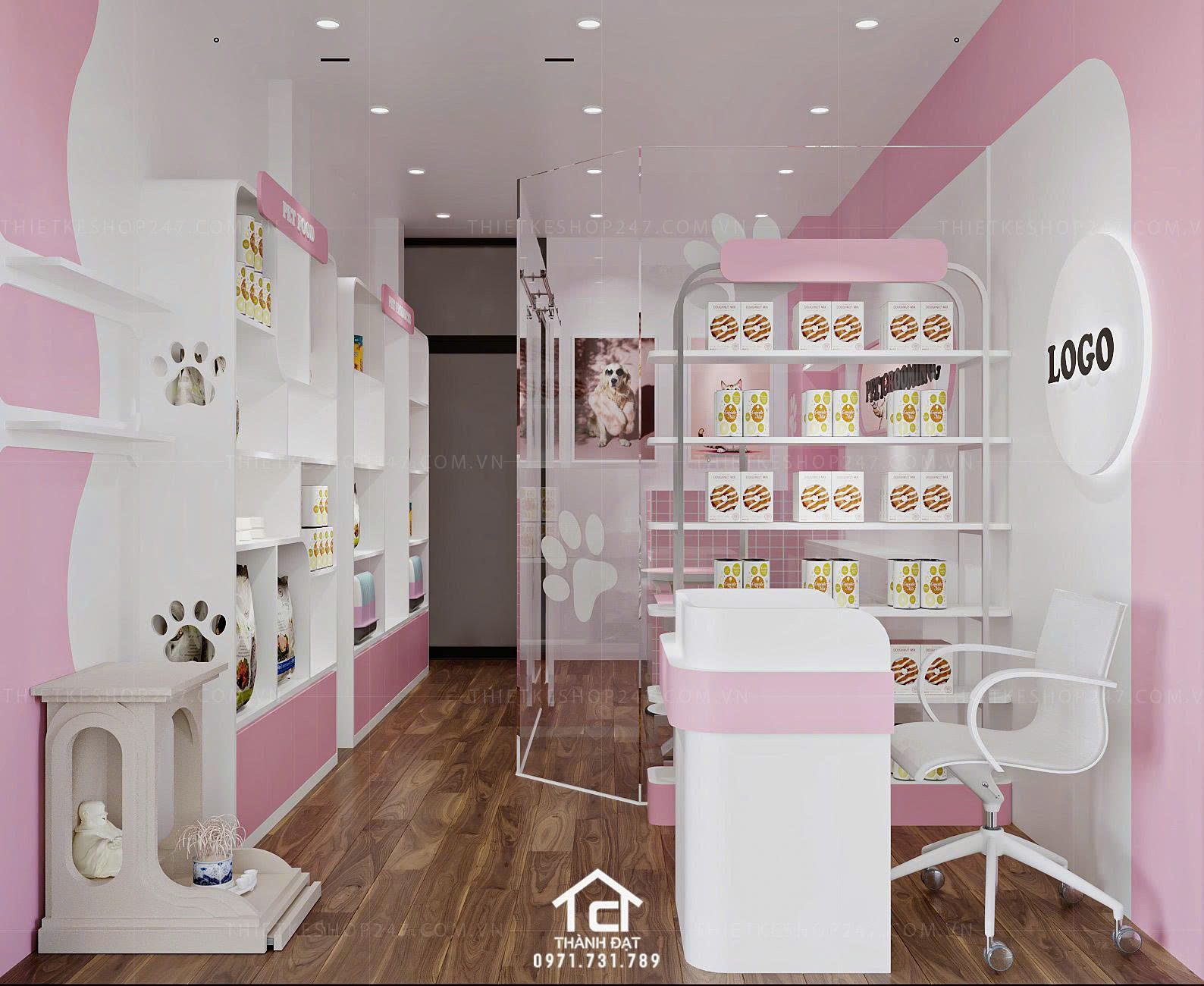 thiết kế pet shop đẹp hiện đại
==
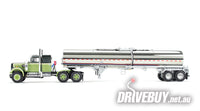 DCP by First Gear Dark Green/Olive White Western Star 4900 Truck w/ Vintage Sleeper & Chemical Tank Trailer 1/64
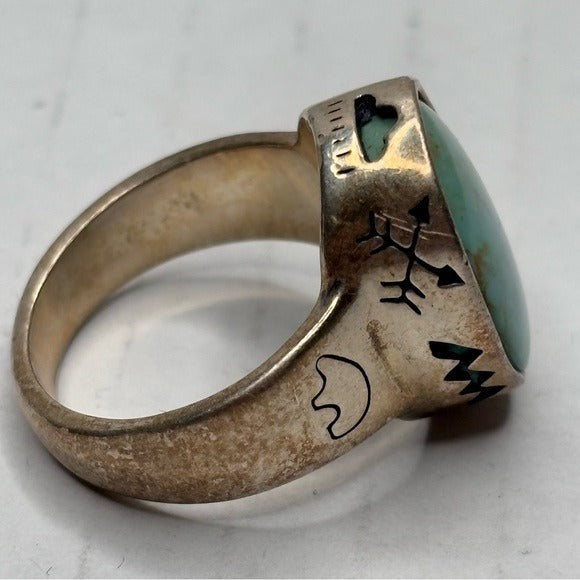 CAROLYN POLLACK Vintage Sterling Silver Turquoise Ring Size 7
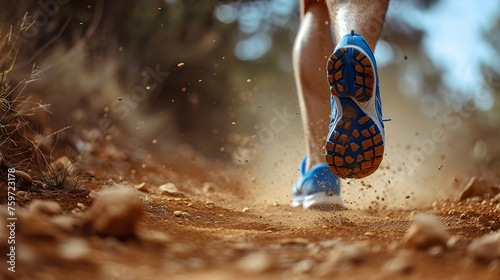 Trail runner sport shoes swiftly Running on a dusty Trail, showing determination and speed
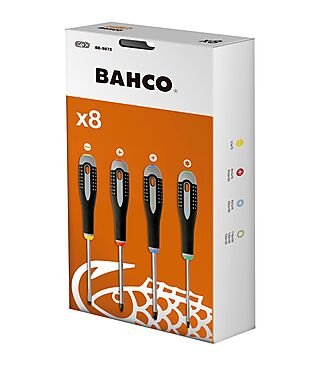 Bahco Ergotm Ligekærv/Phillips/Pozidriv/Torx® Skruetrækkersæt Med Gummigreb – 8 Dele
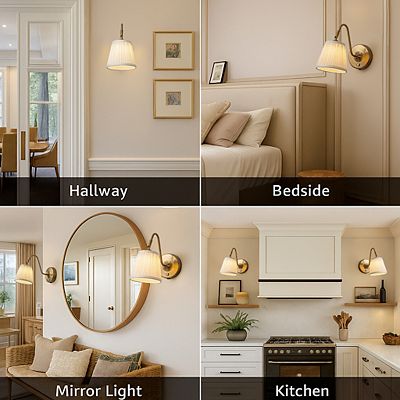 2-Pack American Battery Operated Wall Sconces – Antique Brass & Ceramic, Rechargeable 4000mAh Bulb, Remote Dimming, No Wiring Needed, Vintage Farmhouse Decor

## Aim of the task
Look above for the line holding "Bahco Ergotm Ligekærv/Phillips/Pozidriv/Torx®" and output everything from it down to the line holding "2-Pack American Battery", both ends included, exactly and without images.

## Written solution
 Bahco Ergotm Ligekærv/Phillips/Pozidriv/Torx® Skruetrækkersæt Med Gummigreb – 8 Dele
 2-Pack American Battery Operated Wall Sconces – Antique Brass & Ceramic, Rechargeable 4000mAh Bulb, Remote Dimming, No Wiring Needed, Vintage Farmhouse Decor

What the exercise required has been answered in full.